By our count, the bill includes no fewer than 25 reporting and briefing requirements for FEMA. Lawmakers direct the agency to brief, report, submit, and update Congress on nearly every major function it performs, often on tight and recurring schedules. Within 30 days of enactment, FEMA would have to brief on execution of the Hazard Mitigation Grant Program. Within 30 days, it would have to explain the criteria it uses to recommend disaster declarations and justify delays Congress deems excessive. Within 30 days, it would also have to brief on administration of the Next Generation Warning System and account for how last year’s funds were handled.

House appropriators also press FEMA hard on staffing and workload capacity, coupling explicit staffing mandates with recurring monthly briefings that require FEMA leadership to account for how the agency is managing its workforce. That’s Congress signaling concern that FEMA’s capacity problems are no longer episodic but systemic.

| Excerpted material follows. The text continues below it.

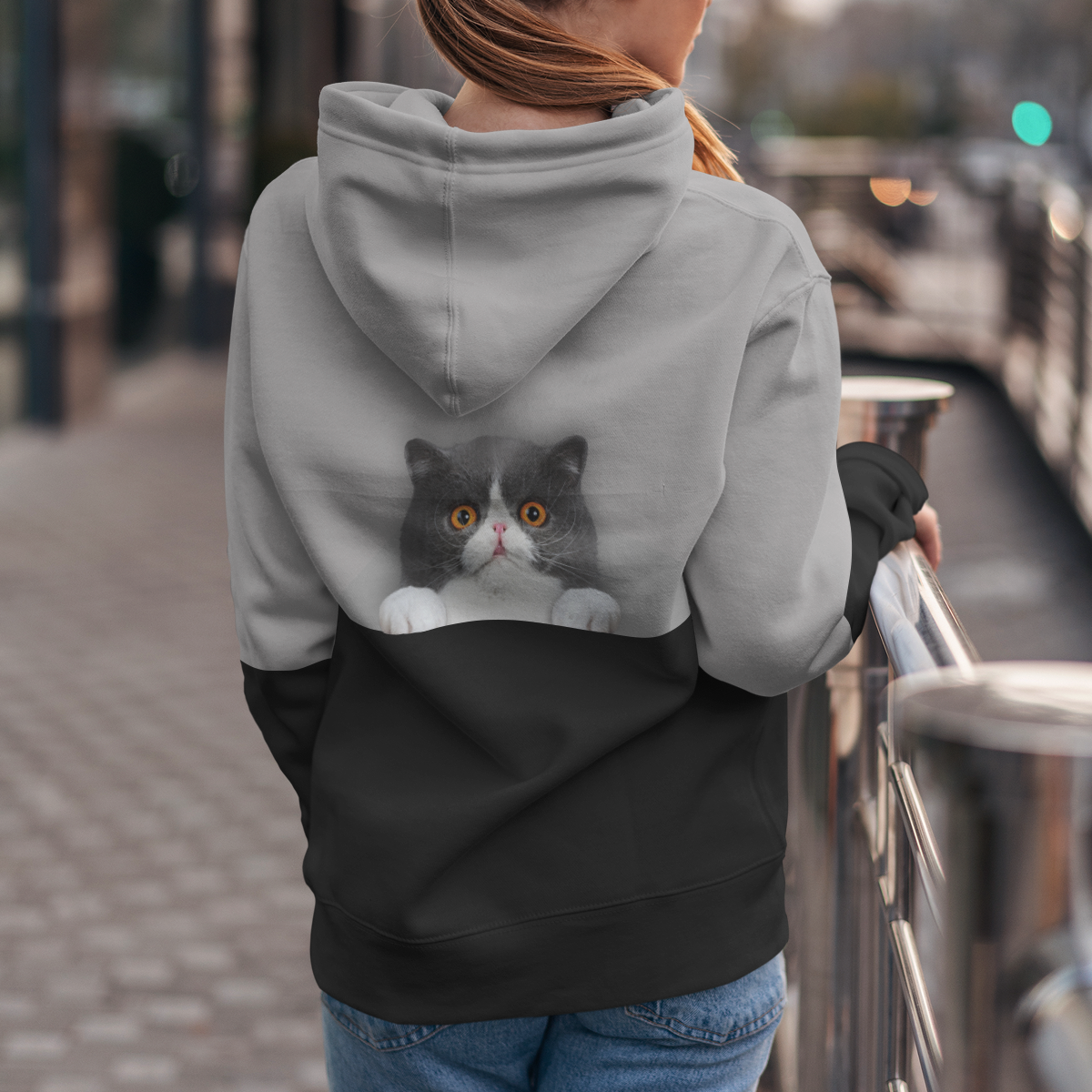 Can You See Me - Exotic Cat Hoodie V1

Mitigation is where lawmakers dig in hardest. FEMA would be required to brief Congress monthly on the status of the Building Resilient Infrastructure and Communities (BRIC) program that was created in the first Trump administration. After the current administration tried to kill the program and lost in court, appropriators would now force the agency to justify this decision and to itemize every terminated grant—how much was awarded, how much was spent, how much was returned, and what work will now never be completed. Ouch.

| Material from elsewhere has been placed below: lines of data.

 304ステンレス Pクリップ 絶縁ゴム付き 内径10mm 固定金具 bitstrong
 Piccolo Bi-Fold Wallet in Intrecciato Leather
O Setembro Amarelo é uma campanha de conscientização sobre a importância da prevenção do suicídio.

Delays and backlogs get similar treatment. FEMA would have to report within 60 days on outstanding reimbursement claims, explain why they’re stalled, and lay out a plan to reduce the backlog—then repeat the exercise monthly. A new public dashboard would need to detail project-level reimbursement status, timelines, and explanations for delays.

Immediate Needs Funding (INF), FEMA’s tool for rationing reimbursements when money gets tight, is the clearest tell. FEMA would have to brief Congress on how those decisions are made, what work gets delayed, and whether a more strategic approach makes sense. If INF is triggered, FEMA would then be required to submit weekly reports on delayed reimbursements by disaster, state, and category of work. Weekly.

All of this oversight sits alongside a $26.4 billion allocation for the Disaster Relief Fund (DRF), which remains the default funding mechanism, treated as inevitable and largely insulated from normal budget discipline. For years, Congress has required monthly reporting on the status of the DRF, but Congress keeps writing big checks after disasters strike, even as it documents frustration with how the system functions. But maybe things are moving in the right direction.

The timing is hard to miss. As House appropriators demand more reporting from FEMA to explain rising disaster costs, the administration is simultaneously walking away from one of the federal government’s most important public datasets tracking those costs in the first place—making it harder to see whether disaster spending is actually working.

Alas, oversight is necessary, but it isn’t sufficient. Reports don’t reduce wildfire risk. Dashboards don’t stop development in floodplains.

Read generously, this House bill looks like appropriators setting the table for broader reforms, including ideas now circulating in the FEMA Act. Through a Making Congress Great Again lens, this is Congress trying to claw back control and dictating that Uncle Sam is still in the disaster mitigation and response business—building the record for reform rather than continuing to outsource disaster policy to the administration. Predictable mitigation funding. Clearer rules. Less reliance on supplemental emergency spending as the default solution.

If those reforms stall, FEMA will remain trapped in the same loop. If they move, this bill may end up looking like the moment Congress finally admitted the current approach isn’t working. It’s time mitigation and prevention stopped being treated as optional add-ons and started being funded and managed like the core fiscal responsibilities they are. Congress cannot afford to rest on the legislative laurels— err, language—oversight is only useful if it leads to enforcement.